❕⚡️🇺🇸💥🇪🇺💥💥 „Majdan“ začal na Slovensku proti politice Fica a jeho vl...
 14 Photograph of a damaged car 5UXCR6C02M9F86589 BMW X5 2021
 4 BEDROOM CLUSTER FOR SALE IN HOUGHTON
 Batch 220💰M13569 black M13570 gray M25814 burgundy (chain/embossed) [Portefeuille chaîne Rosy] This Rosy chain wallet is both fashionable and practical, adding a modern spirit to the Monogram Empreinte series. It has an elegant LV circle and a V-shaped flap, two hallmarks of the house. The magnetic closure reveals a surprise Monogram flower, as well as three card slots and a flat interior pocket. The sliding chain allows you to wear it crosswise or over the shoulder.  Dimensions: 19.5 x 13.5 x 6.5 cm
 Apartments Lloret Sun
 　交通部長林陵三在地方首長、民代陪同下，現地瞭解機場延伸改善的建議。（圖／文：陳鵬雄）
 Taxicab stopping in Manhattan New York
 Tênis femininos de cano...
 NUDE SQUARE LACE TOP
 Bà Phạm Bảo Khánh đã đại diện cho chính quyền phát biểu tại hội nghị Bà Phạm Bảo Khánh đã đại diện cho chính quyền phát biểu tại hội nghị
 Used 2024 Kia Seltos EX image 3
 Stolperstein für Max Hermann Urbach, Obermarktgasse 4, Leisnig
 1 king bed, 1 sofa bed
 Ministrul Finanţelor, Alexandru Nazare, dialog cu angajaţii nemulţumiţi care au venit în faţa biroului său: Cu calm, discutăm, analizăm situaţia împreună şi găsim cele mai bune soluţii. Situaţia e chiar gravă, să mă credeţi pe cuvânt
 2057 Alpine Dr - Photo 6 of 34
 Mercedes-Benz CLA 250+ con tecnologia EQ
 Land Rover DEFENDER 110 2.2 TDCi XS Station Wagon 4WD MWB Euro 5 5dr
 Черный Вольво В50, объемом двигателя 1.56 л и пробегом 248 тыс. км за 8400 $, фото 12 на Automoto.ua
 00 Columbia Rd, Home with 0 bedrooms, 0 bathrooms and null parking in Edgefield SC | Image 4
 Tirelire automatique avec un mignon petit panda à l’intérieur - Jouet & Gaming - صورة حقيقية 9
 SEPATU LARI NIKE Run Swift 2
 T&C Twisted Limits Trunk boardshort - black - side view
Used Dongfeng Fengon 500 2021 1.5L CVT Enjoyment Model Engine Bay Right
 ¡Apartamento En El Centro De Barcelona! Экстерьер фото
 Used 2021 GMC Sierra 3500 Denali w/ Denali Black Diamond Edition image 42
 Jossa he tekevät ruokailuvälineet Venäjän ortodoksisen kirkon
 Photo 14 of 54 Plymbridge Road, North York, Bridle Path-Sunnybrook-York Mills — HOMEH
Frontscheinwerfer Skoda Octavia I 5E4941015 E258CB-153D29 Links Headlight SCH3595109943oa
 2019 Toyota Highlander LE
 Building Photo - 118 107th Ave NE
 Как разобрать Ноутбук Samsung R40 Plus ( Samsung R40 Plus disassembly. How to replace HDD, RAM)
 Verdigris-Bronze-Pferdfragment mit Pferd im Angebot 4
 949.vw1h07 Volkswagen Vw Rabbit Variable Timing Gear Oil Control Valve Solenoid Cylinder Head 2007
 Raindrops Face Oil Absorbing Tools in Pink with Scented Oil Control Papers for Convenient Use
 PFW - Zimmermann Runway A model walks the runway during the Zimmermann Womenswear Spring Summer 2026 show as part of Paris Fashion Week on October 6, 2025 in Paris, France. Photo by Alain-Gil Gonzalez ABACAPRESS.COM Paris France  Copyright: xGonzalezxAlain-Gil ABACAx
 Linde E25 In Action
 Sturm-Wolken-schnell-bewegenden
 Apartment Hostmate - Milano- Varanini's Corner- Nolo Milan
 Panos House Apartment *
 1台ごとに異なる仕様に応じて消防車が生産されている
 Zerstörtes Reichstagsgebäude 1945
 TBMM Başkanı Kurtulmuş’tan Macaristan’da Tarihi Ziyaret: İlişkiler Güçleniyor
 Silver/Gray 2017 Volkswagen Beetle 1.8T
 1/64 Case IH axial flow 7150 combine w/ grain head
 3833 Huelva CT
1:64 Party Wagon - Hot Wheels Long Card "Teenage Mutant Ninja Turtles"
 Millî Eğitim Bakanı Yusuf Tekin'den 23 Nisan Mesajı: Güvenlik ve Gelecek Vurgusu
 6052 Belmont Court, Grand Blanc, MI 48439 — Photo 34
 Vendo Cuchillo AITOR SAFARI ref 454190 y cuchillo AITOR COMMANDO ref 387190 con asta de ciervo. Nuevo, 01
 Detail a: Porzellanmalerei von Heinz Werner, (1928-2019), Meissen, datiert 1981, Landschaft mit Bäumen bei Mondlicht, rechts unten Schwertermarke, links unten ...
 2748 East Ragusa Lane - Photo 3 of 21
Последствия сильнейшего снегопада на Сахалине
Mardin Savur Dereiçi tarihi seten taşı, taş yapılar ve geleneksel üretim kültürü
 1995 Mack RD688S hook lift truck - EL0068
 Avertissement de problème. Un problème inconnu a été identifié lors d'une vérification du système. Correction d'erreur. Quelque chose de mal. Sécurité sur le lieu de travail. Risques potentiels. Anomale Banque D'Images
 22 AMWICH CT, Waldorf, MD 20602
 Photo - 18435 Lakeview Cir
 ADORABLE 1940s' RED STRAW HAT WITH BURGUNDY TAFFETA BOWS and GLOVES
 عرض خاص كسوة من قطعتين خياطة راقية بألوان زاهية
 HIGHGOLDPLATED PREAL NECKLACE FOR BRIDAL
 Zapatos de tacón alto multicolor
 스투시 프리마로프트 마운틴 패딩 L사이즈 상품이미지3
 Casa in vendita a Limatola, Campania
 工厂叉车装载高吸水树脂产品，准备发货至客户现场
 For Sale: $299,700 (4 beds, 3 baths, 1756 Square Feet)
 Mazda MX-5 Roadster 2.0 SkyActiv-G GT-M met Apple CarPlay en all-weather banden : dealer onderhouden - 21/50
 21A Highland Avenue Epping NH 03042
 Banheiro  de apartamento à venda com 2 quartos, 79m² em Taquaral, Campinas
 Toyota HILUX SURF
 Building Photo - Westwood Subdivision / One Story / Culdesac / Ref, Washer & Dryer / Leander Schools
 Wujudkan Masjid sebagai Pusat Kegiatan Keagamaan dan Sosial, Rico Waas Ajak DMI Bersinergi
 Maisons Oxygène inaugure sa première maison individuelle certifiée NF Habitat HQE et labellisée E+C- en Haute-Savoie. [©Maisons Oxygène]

* * *

_What to work on_
Nothing beyond the line containing "00 Columbia Rd, Home" is to be output; the lines above, from the first one onward to that line, are to be transcribed exactly.

_Result below_
❕⚡️🇺🇸💥🇪🇺💥💥 „Majdan“ začal na Slovensku proti politice Fica a jeho vl...
 14 Photograph of a damaged car 5UXCR6C02M9F86589 BMW X5 2021
 4 BEDROOM CLUSTER FOR SALE IN HOUGHTON
 Batch 220💰M13569 black M13570 gray M25814 burgundy (chain/embossed) [Portefeuille chaîne Rosy] This Rosy chain wallet is both fashionable and practical, adding a modern spirit to the Monogram Empreinte series. It has an elegant LV circle and a V-shaped flap, two hallmarks of the house. The magnetic closure reveals a surprise Monogram flower, as well as three card slots and a flat interior pocket. The sliding chain allows you to wear it crosswise or over the shoulder.  Dimensions: 19.5 x 13.5 x 6.5 cm
 Apartments Lloret Sun
 　交通部長林陵三在地方首長、民代陪同下，現地瞭解機場延伸改善的建議。（圖／文：陳鵬雄）
 Taxicab stopping in Manhattan New York
 Tênis femininos de cano...
 NUDE SQUARE LACE TOP
 Bà Phạm Bảo Khánh đã đại diện cho chính quyền phát biểu tại hội nghị Bà Phạm Bảo Khánh đã đại diện cho chính quyền phát biểu tại hội nghị
 Used 2024 Kia Seltos EX image 3
 Stolperstein für Max Hermann Urbach, Obermarktgasse 4, Leisnig
 1 king bed, 1 sofa bed
 Ministrul Finanţelor, Alexandru Nazare, dialog cu angajaţii nemulţumiţi care au venit în faţa biroului său: Cu calm, discutăm, analizăm situaţia împreună şi găsim cele mai bune soluţii. Situaţia e chiar gravă, să mă credeţi pe cuvânt
 2057 Alpine Dr - Photo 6 of 34
 Mercedes-Benz CLA 250+ con tecnologia EQ
 Land Rover DEFENDER 110 2.2 TDCi XS Station Wagon 4WD MWB Euro 5 5dr
 Черный Вольво В50, объемом двигателя 1.56 л и пробегом 248 тыс. км за 8400 $, фото 12 на Automoto.ua
 00 Columbia Rd, Home with 0 bedrooms, 0 bathrooms and null parking in Edgefield SC | Image 4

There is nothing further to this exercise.